When we traveled to Paris in October of 2003 I took along the book A Place in the World Called Paris, edited by Steven Barclay and Illustrated by Miles Hyman, Chronicle Books, 1994. The book is a treasure trove of literary references to Paris and served as a lens for how I saw the city that trip. As I organized my photographs, the words I had read replayed in my mind, and I used the quotations to illustrate our scrapbook. I now share some of my inspirations here!

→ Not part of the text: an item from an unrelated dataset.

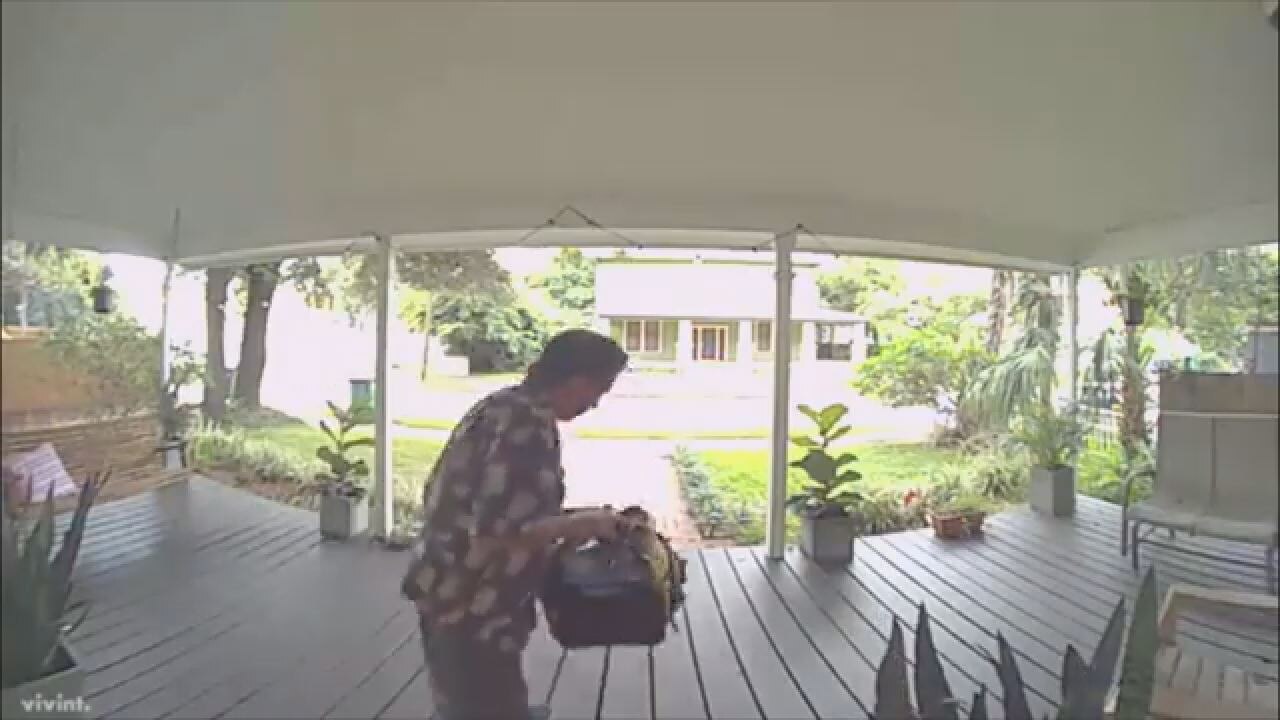 Tampa porch pirate suspect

Rooftops and Dream Clouds of Paris
“Things felt oddly bigger to me in Paris. The sky was more present than in New York, its whims more fragile. I found myself drawn to it, and for the first day or two I watched it constantly-sitting in my hotel room and studying the clouds, waiting for something to happen. These were northern clouds, the dream clouds that are always changing, massing up into huge gray mountains, discharging brief showers, dissipating, gathering again, rolling across the sun, refracting the light that always seems different.

Ordinary and Iconic Paris
The Paris sky has its own laws, and they function independently of the city below. If the buildings appear solid, anchored in the earth, indestructible, the sky is vast and amorphous, subject to constant turmoil. For the first week, I felt as though I had been turned upside-down.

Under a momentary October blue sky, the Hotel de Ville is illuminated.
This was an old world city, and it had nothing to do with New York- with its slow skies and chaotic streets, its bland clouds and aggressive buildings.

The beauty of an urban park as seen from Notre Dame.
I had been displaced, and it made me suddenly unsure of myself. I felt my grip loosening, and at least once an hour I had to remind myself why I was there.” from The Locked Room, by Paul Auster, 1986

The everchanging light of the sky in Paris, as seen from Notre Dame

The sunlight illuminated the Seine, if only for a moment!